GIVEN INFORMATION |
=== Begin Enclosure ===
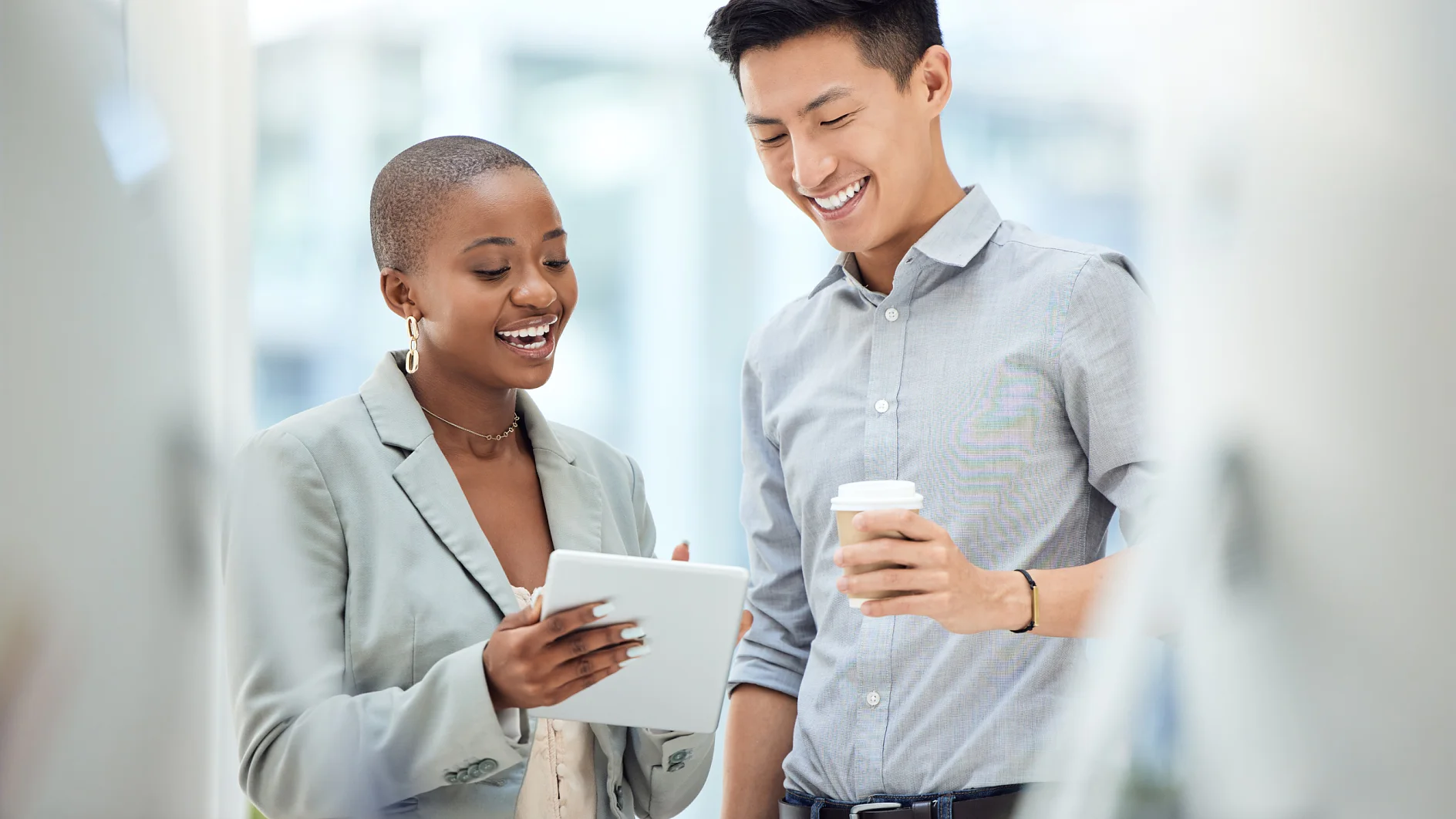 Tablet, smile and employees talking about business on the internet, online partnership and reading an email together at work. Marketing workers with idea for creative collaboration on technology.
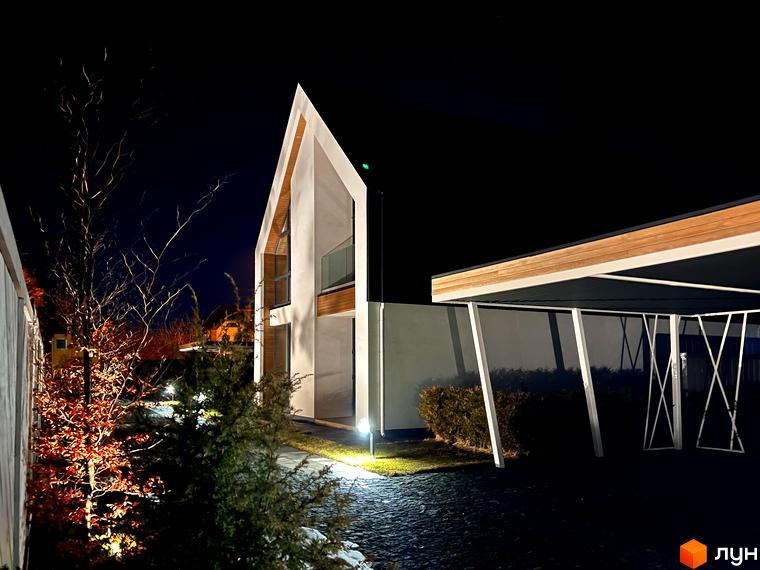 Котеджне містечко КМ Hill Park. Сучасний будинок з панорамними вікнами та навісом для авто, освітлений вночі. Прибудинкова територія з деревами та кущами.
=== End Enclosure ===
=== Begin Enclosure ===
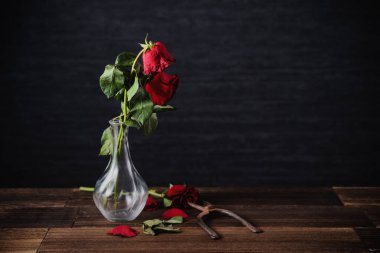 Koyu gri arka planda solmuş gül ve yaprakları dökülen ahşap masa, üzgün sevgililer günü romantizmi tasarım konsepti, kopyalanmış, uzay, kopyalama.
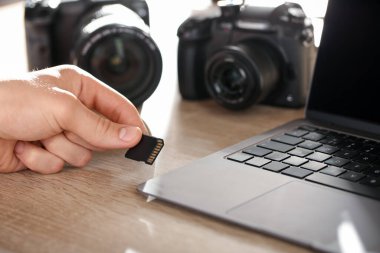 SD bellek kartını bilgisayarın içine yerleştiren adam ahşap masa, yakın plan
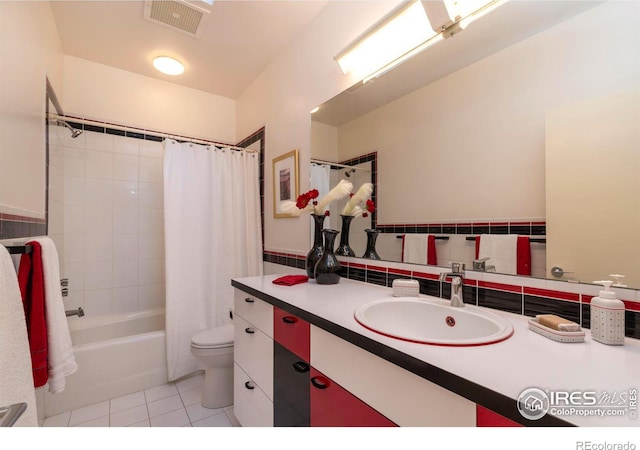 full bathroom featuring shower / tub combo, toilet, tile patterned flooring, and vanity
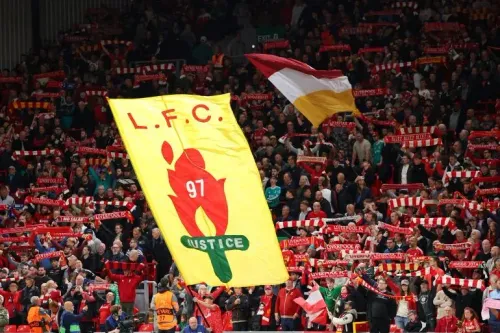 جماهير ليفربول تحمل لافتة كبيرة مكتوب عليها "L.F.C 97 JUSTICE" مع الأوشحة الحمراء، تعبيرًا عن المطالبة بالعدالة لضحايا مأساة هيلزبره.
=== End Enclosure ===
TO DO | Beginning with the line above that contains "full bathroom featuring" and ending with the line that contains "جماهير ليفربول تحمل", quote each line exactly, keeping out the pictures.

SOLUTION BELOW |
 full bathroom featuring shower / tub combo, toilet, tile patterned flooring, and vanity
 جماهير ليفربول تحمل لافتة كبيرة مكتوب عليها "L.F.C 97 JUSTICE" مع الأوشحة الحمراء، تعبيرًا عن المطالبة بالعدالة لضحايا مأساة هيلزبره.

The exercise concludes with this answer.